# Description of the task
Find the word "PSFKhyber" below. Copy each line that has it.

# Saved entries
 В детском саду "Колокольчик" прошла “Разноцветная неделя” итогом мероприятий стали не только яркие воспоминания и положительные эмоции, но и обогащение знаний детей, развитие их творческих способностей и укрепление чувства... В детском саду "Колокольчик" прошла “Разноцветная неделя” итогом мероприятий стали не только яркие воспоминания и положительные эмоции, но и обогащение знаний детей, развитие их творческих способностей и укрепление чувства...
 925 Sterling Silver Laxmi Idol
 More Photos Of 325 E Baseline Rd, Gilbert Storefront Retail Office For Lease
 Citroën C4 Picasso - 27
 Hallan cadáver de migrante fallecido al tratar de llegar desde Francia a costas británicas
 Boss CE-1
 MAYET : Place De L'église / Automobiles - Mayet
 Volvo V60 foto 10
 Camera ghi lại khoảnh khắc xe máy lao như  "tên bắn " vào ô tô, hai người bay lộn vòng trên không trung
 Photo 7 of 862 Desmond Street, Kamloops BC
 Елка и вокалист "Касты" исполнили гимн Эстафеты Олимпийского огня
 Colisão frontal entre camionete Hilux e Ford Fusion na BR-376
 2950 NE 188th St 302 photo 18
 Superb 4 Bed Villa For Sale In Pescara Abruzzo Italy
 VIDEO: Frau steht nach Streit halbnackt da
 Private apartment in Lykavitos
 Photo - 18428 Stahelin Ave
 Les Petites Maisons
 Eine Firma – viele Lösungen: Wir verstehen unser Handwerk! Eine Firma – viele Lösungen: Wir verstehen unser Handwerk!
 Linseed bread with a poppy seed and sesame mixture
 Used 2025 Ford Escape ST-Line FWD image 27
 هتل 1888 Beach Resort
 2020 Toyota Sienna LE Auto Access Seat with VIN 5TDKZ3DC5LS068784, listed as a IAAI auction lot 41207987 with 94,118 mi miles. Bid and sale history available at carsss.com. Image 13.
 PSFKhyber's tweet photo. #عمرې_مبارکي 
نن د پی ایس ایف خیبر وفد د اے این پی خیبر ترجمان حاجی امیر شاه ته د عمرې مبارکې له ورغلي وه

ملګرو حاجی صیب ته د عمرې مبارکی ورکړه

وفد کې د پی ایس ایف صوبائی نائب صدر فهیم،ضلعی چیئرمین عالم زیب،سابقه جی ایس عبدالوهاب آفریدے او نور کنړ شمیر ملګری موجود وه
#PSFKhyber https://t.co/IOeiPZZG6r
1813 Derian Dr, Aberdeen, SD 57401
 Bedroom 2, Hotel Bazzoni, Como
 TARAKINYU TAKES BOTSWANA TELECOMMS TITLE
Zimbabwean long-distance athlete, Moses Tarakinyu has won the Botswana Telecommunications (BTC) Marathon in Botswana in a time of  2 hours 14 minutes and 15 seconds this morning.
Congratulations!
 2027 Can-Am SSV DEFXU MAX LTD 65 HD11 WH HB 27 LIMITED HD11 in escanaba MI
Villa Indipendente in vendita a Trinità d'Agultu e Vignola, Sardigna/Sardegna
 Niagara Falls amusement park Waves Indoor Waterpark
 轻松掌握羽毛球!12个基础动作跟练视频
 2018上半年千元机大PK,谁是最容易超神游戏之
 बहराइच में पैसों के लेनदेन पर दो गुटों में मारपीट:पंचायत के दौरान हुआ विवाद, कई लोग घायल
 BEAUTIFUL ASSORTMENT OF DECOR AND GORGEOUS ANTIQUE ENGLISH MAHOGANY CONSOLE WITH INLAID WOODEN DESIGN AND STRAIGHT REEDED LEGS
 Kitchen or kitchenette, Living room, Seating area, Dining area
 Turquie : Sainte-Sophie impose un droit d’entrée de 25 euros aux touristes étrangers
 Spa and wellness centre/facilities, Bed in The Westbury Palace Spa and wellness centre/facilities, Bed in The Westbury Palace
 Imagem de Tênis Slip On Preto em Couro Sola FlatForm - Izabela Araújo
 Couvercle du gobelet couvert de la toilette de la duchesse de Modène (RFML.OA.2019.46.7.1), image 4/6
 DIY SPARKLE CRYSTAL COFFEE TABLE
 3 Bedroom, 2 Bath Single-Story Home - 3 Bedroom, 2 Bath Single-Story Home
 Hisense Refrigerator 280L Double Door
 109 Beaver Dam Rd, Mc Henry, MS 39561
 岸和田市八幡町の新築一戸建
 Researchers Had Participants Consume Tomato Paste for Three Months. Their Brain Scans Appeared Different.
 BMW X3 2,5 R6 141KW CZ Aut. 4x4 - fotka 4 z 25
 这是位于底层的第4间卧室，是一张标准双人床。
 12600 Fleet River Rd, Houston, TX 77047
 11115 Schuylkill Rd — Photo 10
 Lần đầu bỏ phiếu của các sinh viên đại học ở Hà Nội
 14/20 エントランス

# Solution to this problem
 PSFKhyber's tweet photo. #عمرې_مبارکي 
#PSFKhyber https://t.co/IOeiPZZG6r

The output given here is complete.